To that end Intel decided to partner with CoreOS because it built a Tectonic operating system platform that encapsulates many of the processes Google created. CoreOS CEO Alex Polvi routinely refers to Tectonic as being an instance of “Google infrastructure for everybody else (GIFEE).” Polvi says while Kubernetes itself is still “rough around the edges” it’s only a matter of time before the vendors participating in the open source Kubernetes project turn the cloud orchestration framework into a platform that can be used by the average IT administrator versus an engineer working at Google.
For its part as a leading distributor of OpenStack, Boris Renski, chief marketing officer for Mirantis, says Mirantis will join CoreOS in contributing code to Kubernetes and that those efforts will supersede previous efforts to integrate the two frameworks. Renski says Mirantis envisions a metabody coming together that through which the respective technical committees that govern the Kubernetes and OpenStack projects will be able to more easily collaborate.
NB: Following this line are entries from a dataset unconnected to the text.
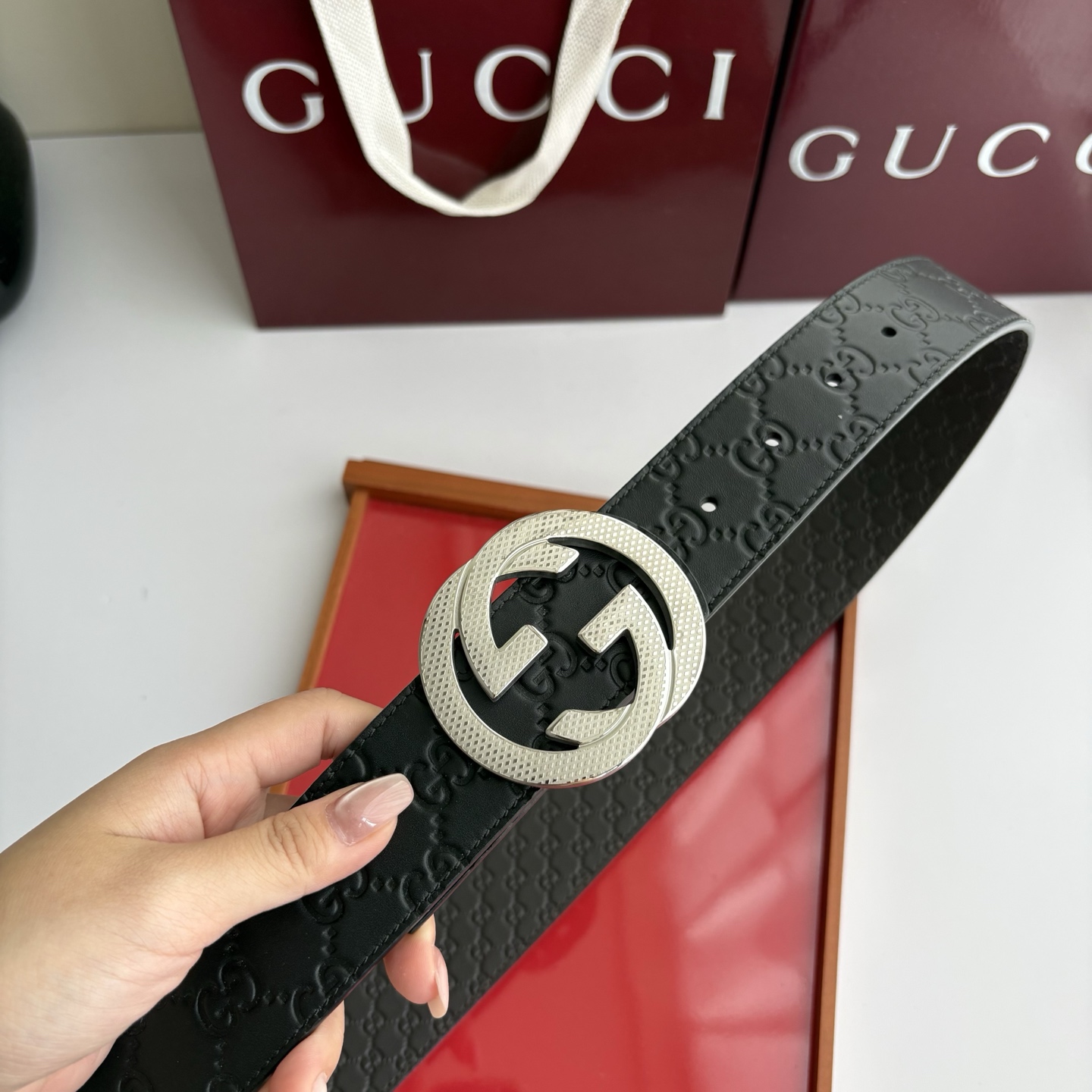 Gucci 经典原单品质，黑咖双面压花，纯钢挂扣，精工制作，细节看图，实物拍摄，高端奢华，宽度4.0cm
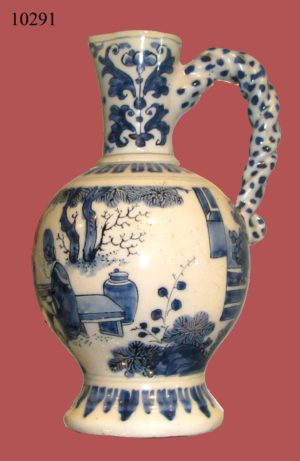 Jarrón de cerámica China blanco y azul, con personajes. Asa trenzada. Cantón, S. XVIII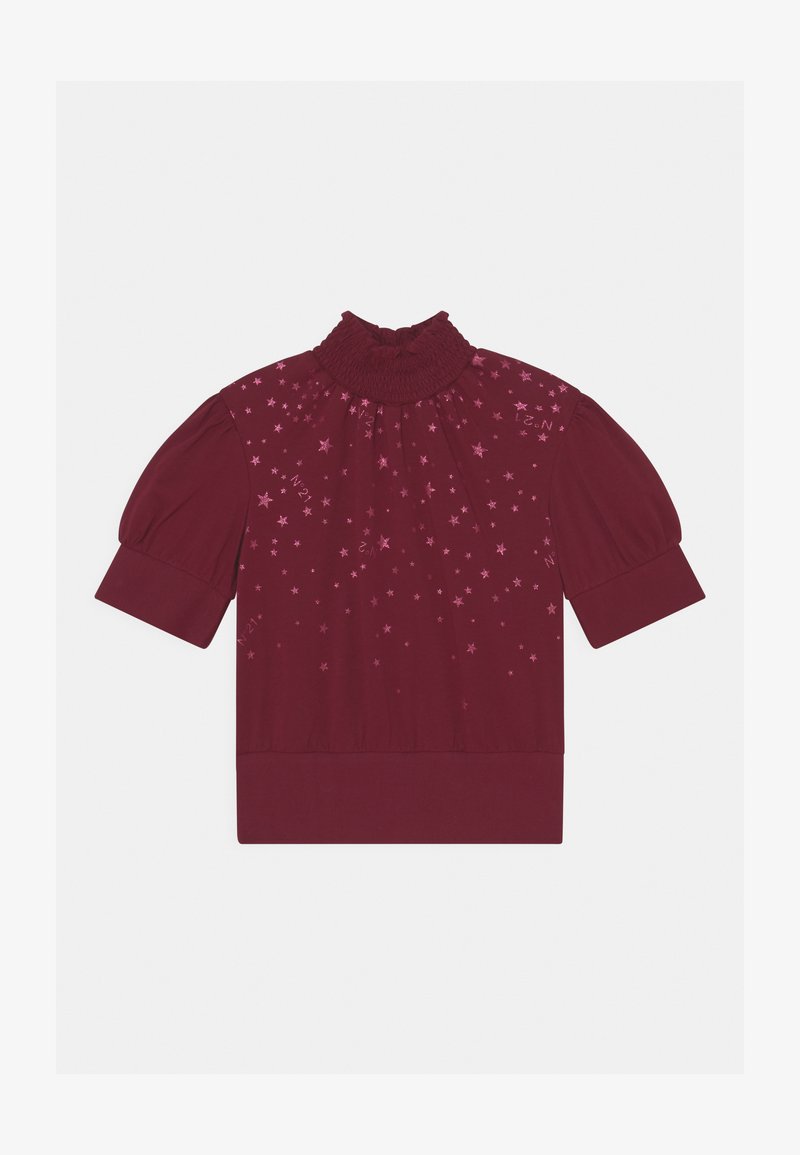 Top bordeaux de manga curta com decote franzido, apresentando padrões de estrelas em rosa, tecido texturizado e bainha franzida.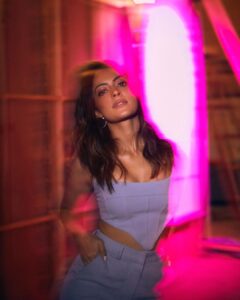 Anya Singh Instagram - Denim daze🦋

Make up- @niccky_rajaani 
Hair- @hairstories_byseema 
Outfit by @diksha.khanna 
Styled by @mohitrai with @shubhi.kumar
Assisted by @muskanduaaa
Shot by- @kadamajay
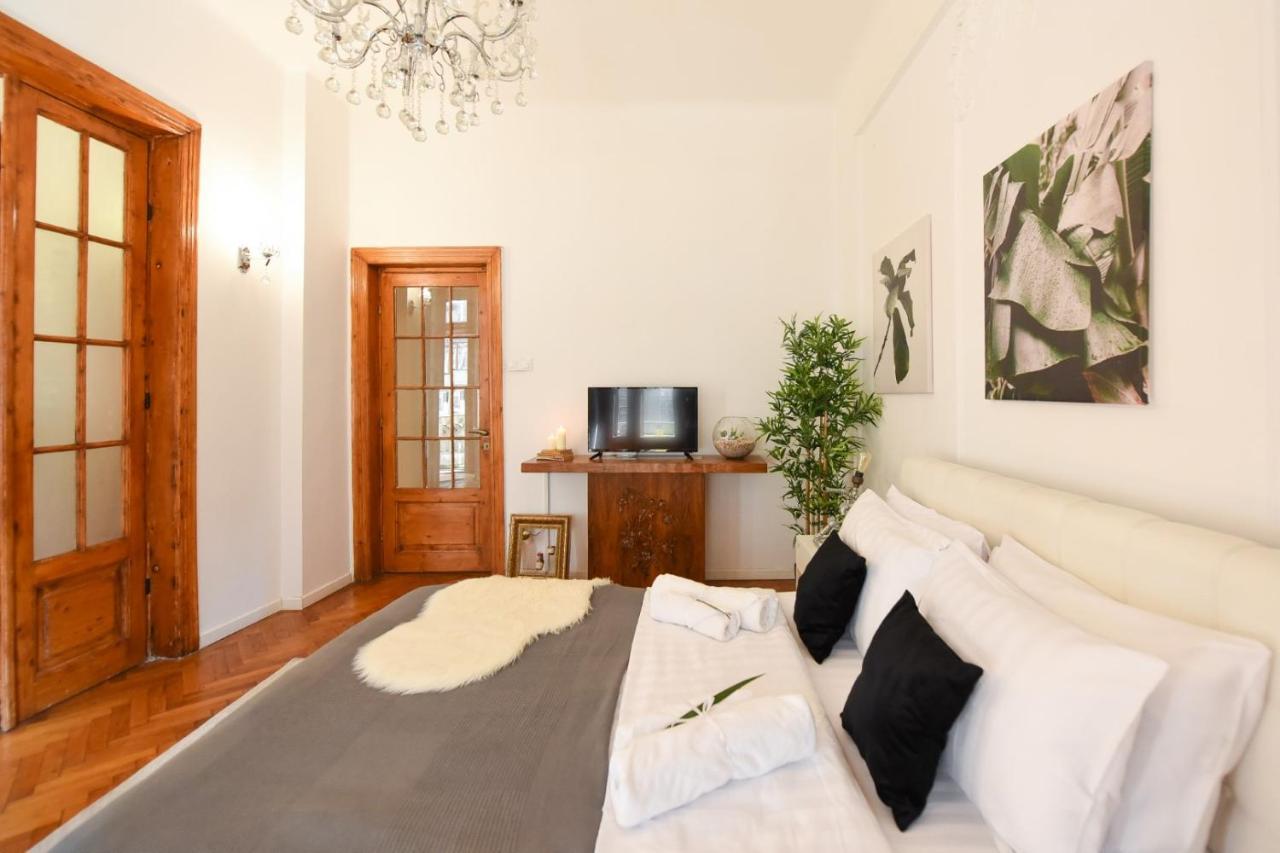Vintage Elegance, Modern Comfort: 1br Overlooking Calea Victoriei Apartment *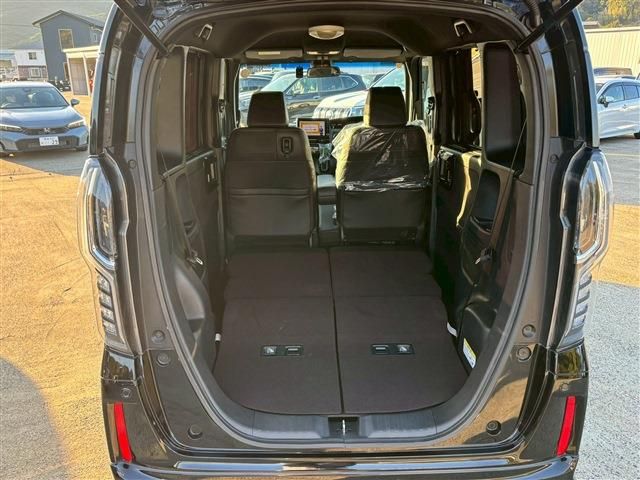 HONDA N BOX CUSTOM 2018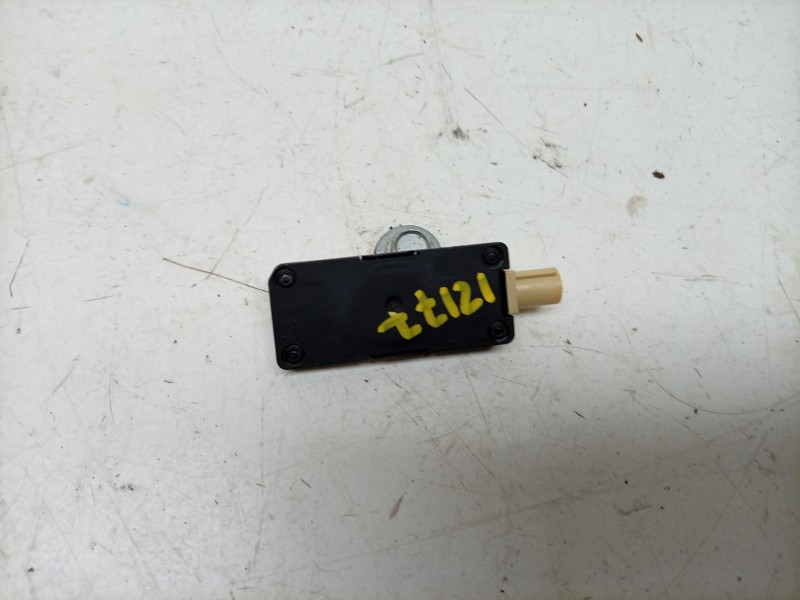 Recambio de antena para porsche taycan (y1a) 4s referencia OEM IAM  4N0035500 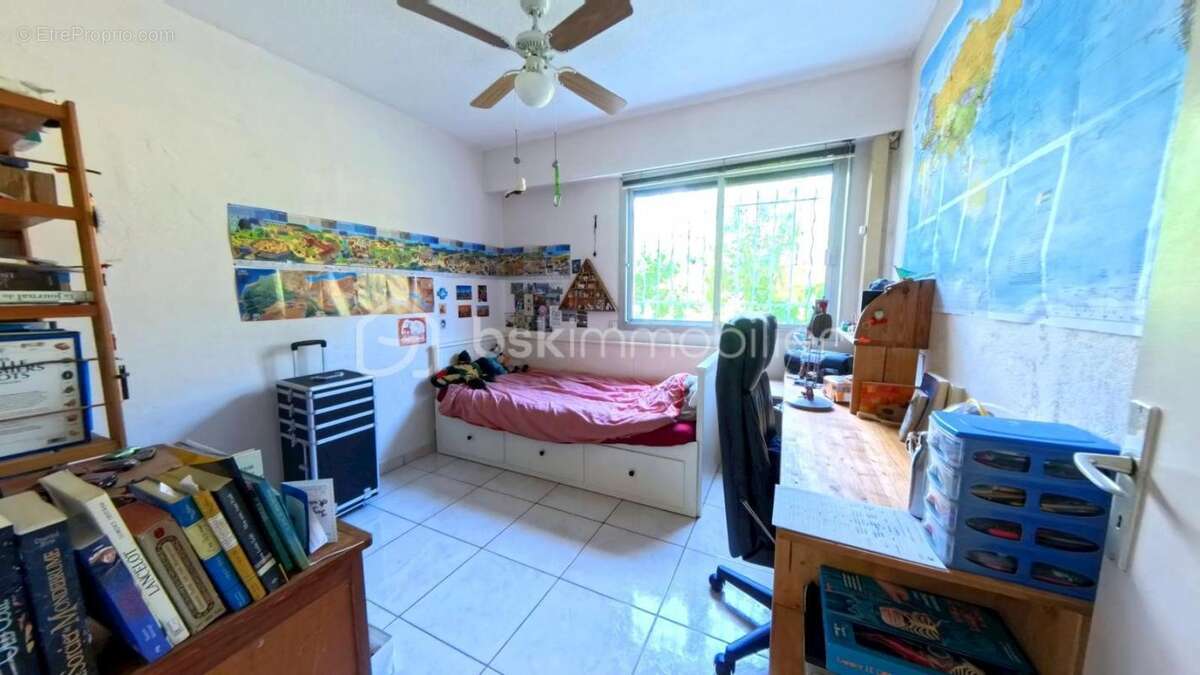 Appartement à SAINT-LAURENT-DU-VAR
A commitment to Kubernetes on the part of Intel comes at a crucial time for the container orchestration framework. As rival container orchestration frameworks come to market criticism of Kubernetes as being a framework that is both too slow and cumbersome to use has intensified. With a little added engineering muscle from Intel, Google, Mirantis and CoreOS, however, it looks like such criticisms may soon be put to rest.